Bloomberg
Mukesh Ambani, the billionaire chairman of Reliance Industries Ltd, will be focusing his attention on the Indian conglomerate’s pivot to green energy, according to people familiar with the matter, after putting his children in charge of other businesses.
The 65-year-old will oversee strategy, including the building of gigafactories and blue hydrogen facilities, will assess acquisition targets, and is talking to potential investors, the people said, asking not to be named as the information isn’t public.
Ambani last year unveiled plans to spend $75 billion on clean energy projects over the next 15 years.
Asia’s second-richest man is known for his single-minded focus on key pursuits: In the 1990s he lived for months in shipping containers to build what is today the world’s largest petrochemical refinery and about two decades later another of his upstart firms became India’s biggest telecom operator. Ambani has since handed the operational reins to his three children and turned his attention to green energy.
A spokesman for Reliance didn’t respond to an email seeking comment. Its shares fell 0.2% in Mumbai on Thursday while S&P BSE Sensex slipped 0.5%, data compiled by Bloomberg show.
Reliance is seeking billions of dollars of investments in India’s energy sector and has approached potential investors including Middle Eastern funds, two of the people said. His ambition is to disrupt the sector just like he did with his mobile phone company Reliance Jio Infocomm Ltd, one of the people said, adding that the billionaire and his team were telling marquee investors they would own every link of the renewables supply chain that can enhance margins.
Ambani’s dealmaking acumen will be crucial.

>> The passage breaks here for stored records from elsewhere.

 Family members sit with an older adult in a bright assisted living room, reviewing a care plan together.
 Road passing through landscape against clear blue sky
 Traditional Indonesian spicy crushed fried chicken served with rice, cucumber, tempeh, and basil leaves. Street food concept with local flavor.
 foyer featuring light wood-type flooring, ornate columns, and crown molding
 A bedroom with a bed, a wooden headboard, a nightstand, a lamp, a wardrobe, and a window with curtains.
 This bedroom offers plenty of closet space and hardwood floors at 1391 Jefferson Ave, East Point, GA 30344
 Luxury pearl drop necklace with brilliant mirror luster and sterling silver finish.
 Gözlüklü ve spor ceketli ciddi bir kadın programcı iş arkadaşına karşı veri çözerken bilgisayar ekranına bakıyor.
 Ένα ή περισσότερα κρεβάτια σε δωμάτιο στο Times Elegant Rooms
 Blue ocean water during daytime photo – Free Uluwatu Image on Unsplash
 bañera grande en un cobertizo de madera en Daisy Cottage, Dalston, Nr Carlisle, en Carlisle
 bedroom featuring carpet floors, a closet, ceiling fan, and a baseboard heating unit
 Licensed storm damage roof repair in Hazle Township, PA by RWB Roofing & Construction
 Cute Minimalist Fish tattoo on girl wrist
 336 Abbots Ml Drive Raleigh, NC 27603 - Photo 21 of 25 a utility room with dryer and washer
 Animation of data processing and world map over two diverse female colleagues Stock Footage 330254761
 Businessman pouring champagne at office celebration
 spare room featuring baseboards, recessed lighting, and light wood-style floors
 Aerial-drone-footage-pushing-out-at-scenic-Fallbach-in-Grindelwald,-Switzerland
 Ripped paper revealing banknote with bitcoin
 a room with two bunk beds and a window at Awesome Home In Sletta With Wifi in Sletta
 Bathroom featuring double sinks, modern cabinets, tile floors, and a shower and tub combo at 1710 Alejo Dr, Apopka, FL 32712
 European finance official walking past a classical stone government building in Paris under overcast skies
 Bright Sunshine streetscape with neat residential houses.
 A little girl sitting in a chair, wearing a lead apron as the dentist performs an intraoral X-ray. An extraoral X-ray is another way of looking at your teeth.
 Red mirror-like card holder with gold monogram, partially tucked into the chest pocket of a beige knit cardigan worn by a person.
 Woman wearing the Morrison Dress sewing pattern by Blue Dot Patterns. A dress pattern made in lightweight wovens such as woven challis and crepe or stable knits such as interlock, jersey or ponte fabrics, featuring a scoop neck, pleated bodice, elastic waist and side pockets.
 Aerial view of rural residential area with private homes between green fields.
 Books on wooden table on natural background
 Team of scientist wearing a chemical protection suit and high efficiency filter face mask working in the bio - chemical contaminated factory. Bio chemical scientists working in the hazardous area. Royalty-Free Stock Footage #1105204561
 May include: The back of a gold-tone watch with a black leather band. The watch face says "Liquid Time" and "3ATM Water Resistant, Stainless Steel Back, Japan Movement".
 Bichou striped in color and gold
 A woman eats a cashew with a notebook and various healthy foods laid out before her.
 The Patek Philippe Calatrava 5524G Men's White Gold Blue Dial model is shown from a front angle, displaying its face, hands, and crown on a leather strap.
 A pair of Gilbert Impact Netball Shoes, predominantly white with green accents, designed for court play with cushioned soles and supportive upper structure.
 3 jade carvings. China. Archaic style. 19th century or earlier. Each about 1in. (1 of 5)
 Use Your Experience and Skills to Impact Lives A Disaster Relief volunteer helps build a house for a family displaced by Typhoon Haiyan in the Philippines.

Reliance spent almost $50 billion to build Reliance Jio, which became India’s No. 1 wireless carrier within some three years of its 2016 debut by offering free calls and cheap data. Then, over a few months of the pandemic lockdown in 2020, Ambani raised more than $20 billion for his digital ventures from a slew of investors including Silicon Valley giants, Meta Platforms and Google.
Reliance, with a market value of $206 billion, has a 2035 target for turning carbon net-zero. India’s transition from fossil fuels to renewables will provide an opportunity for Reliance’s continuous “hyper-growth†over many decades, Ambani told shareholders last August.